We followed two different approaches while training the proposed method. Starting with random initialization, we managed to obtain state-of-the-art results in the HarP dataset, which included a sufficiently large number of atlases. This was not possible for the MICCAI dataset, due to the much smaller training set, contradicting the philosophy of CNN training. To overcome this inefficiency, we used the already trained networks with the HarP dataset as an initialization point and consequently fine-tuned them with the MICCAI training set. Overall, transfer learning showed spectacular relative improvement, proving that in CNN-based segmentation methods the combination of multiple datasets is beneficiary, even with different manual segmentation protocols. This is a unique advantage of CNNs compared to other segmentation methods, which can be exploited for applications in the medical domain, where the creation of large and manually annotated datasets is costly and time consuming.

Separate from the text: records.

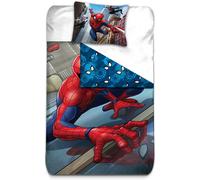 Spiderman Reversibile Copripiumino con Federa Letto Singolo (U.S Doppio)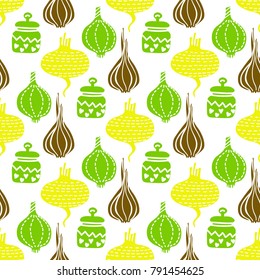 seamless pattern with vegetables. Healthy food pattern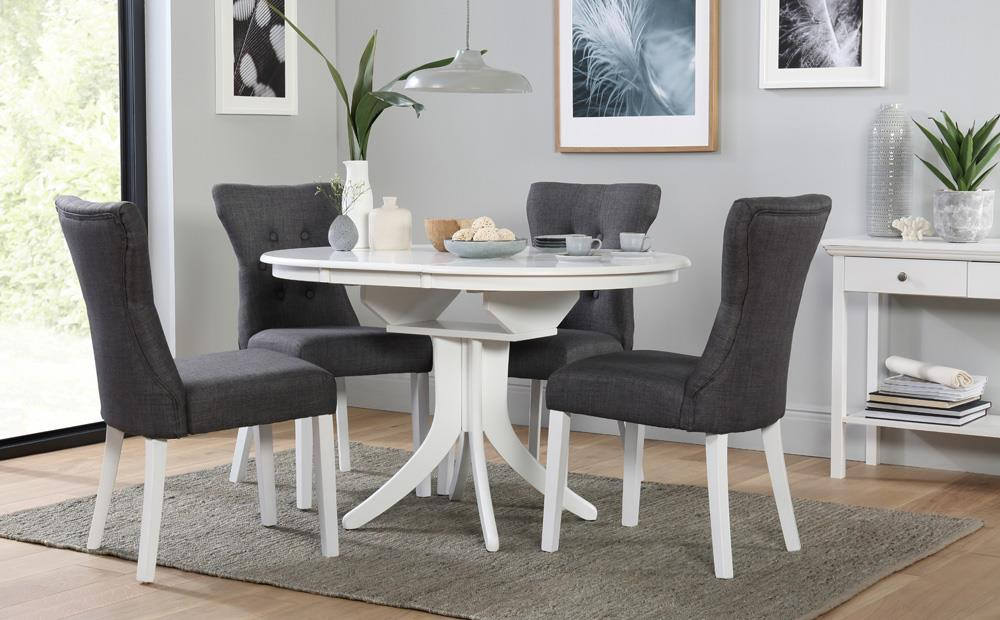 Best ideas about White Round Dining Table
. Save or Pin Hudson Round White Extending Dining Table with 6 Bewley Now.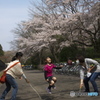 公園の縄跳び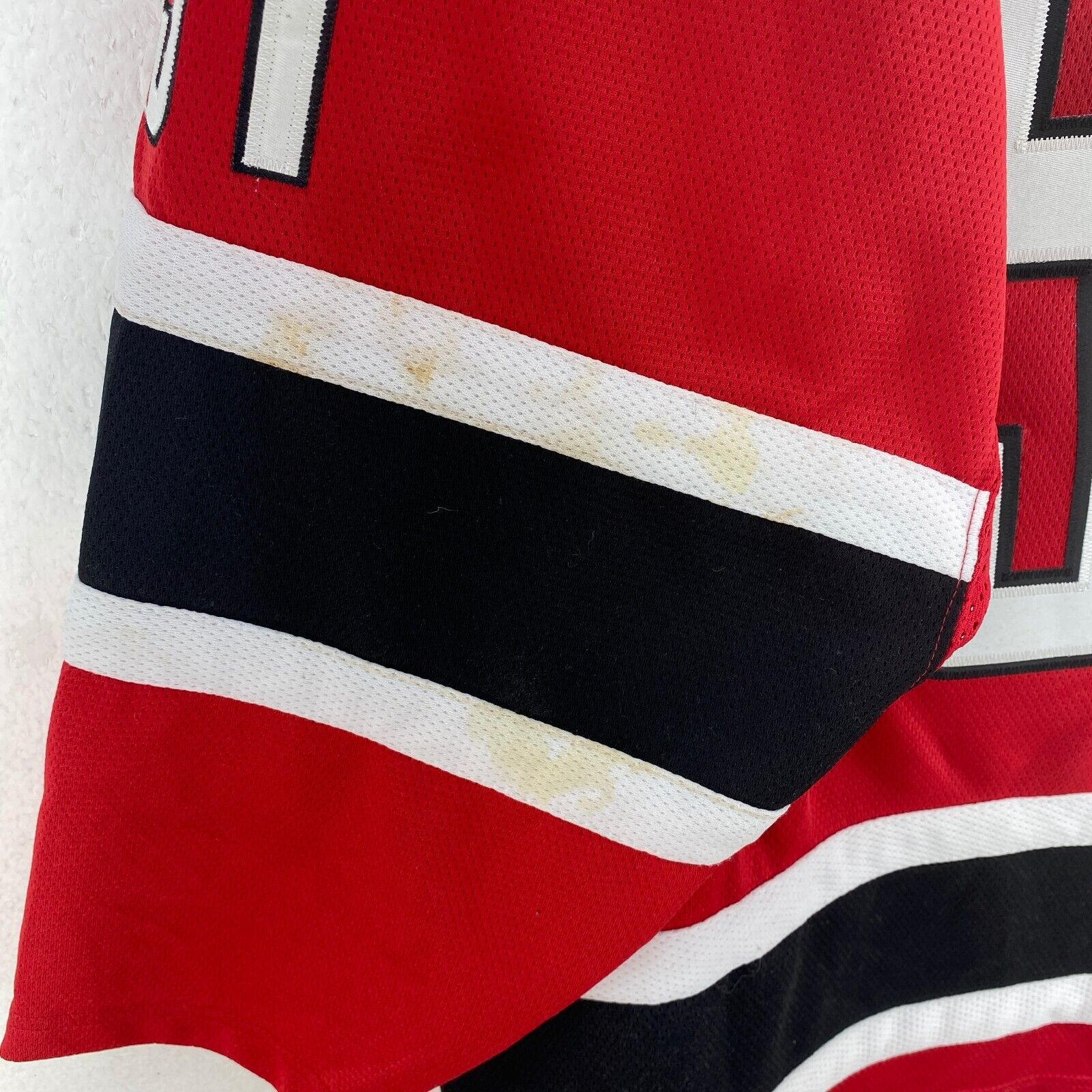 Joe Sakic #91 Team Canada Nike Vintage Olympics Hockey Jersey Red Jersey Size L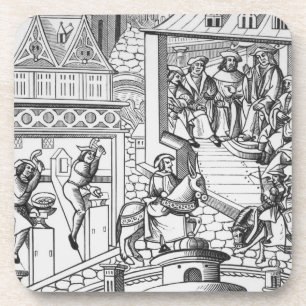 Porta-copo A hortelã, após um woodcut 'em De l'Institution de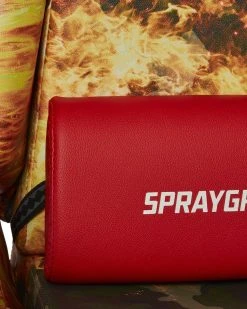 SPRAYGROUND® FIRE CAMO GAMING CHAIR (VEGAN LEATHER) SUPER RARE GAMING CHAIRS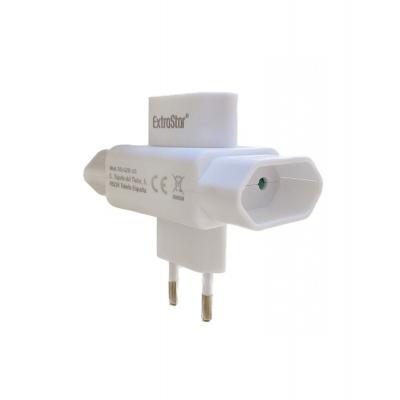 Adaptador Plano Tres Tomadas 3 x 10A 250V MAX.2300W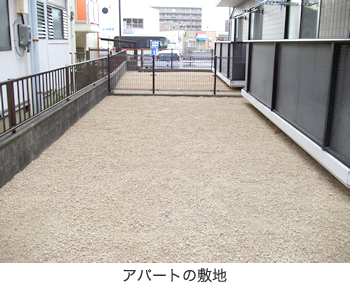 サンメガカット防草システム 施工事例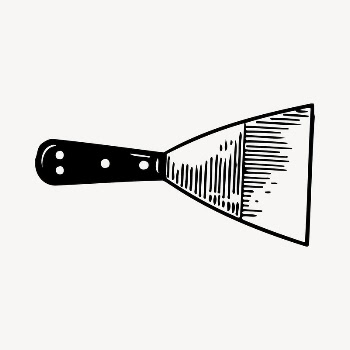 Scraper clipart, vintage hand drawn | Free Vector - rawpixel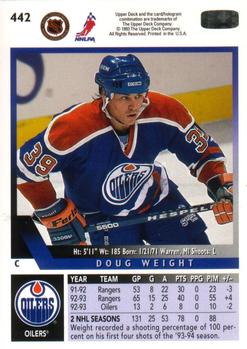 Doug Weight Edmonton Oilers 92-93 - 2000-01 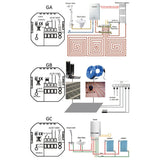 BHT-001 Graffiti Intelligent Temperature Controller Wifi-galw Controller Switch Panel For Home Market Industry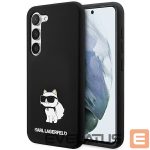 Back panel cover Karl Lagerfeld  Karl Lagerfeld Silicone Choupette case for Samsung Galaxy S24 - black 
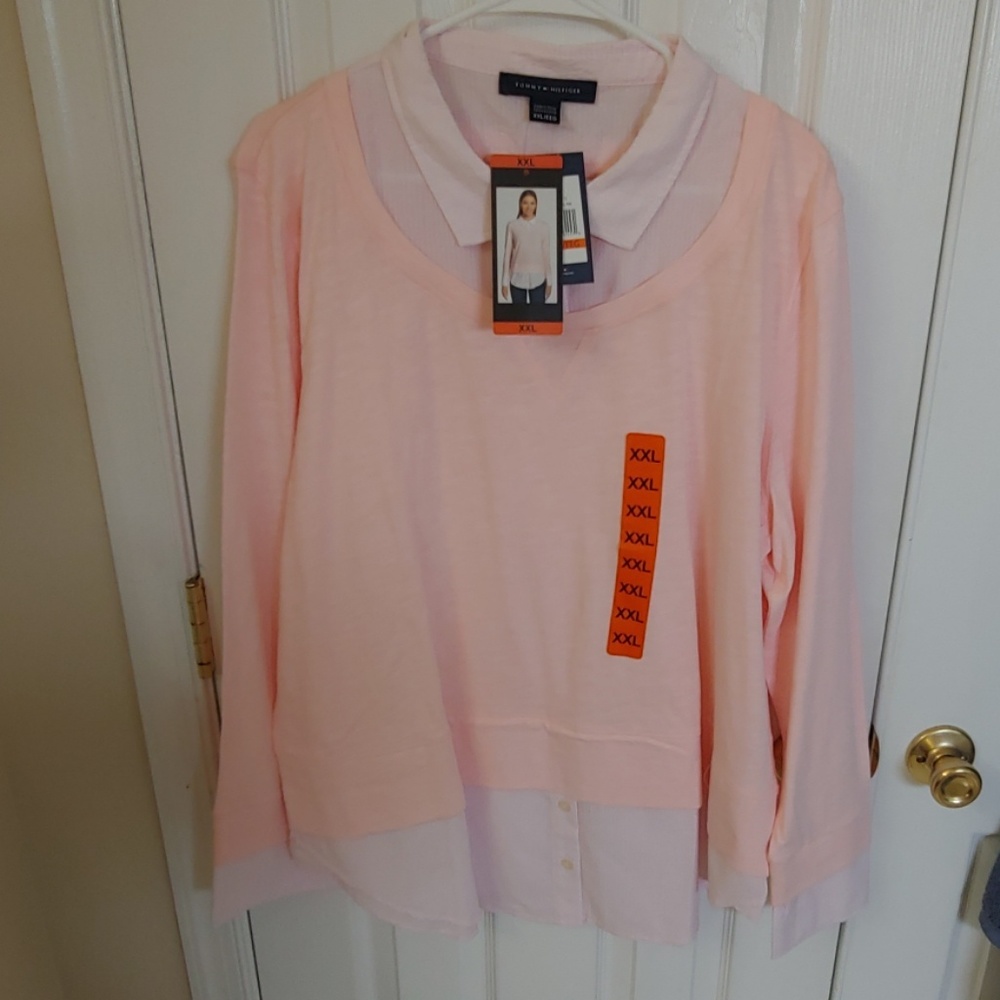 Tommy Hilfiger layered look L/S shirt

The proposed method was validated using two different public datasets, which include cases with various demographic and clinical characteristics, demonstrating high robustness and surpassing in performance previously published methods. As shown by the results, the addition of the error correction mechanism led to a systematic improvement and helped our implementation take precedence over other competing methods. Overall, for a test MRI, the proposed method is dramatically faster when compared to multi-atlas registration and fusion methods.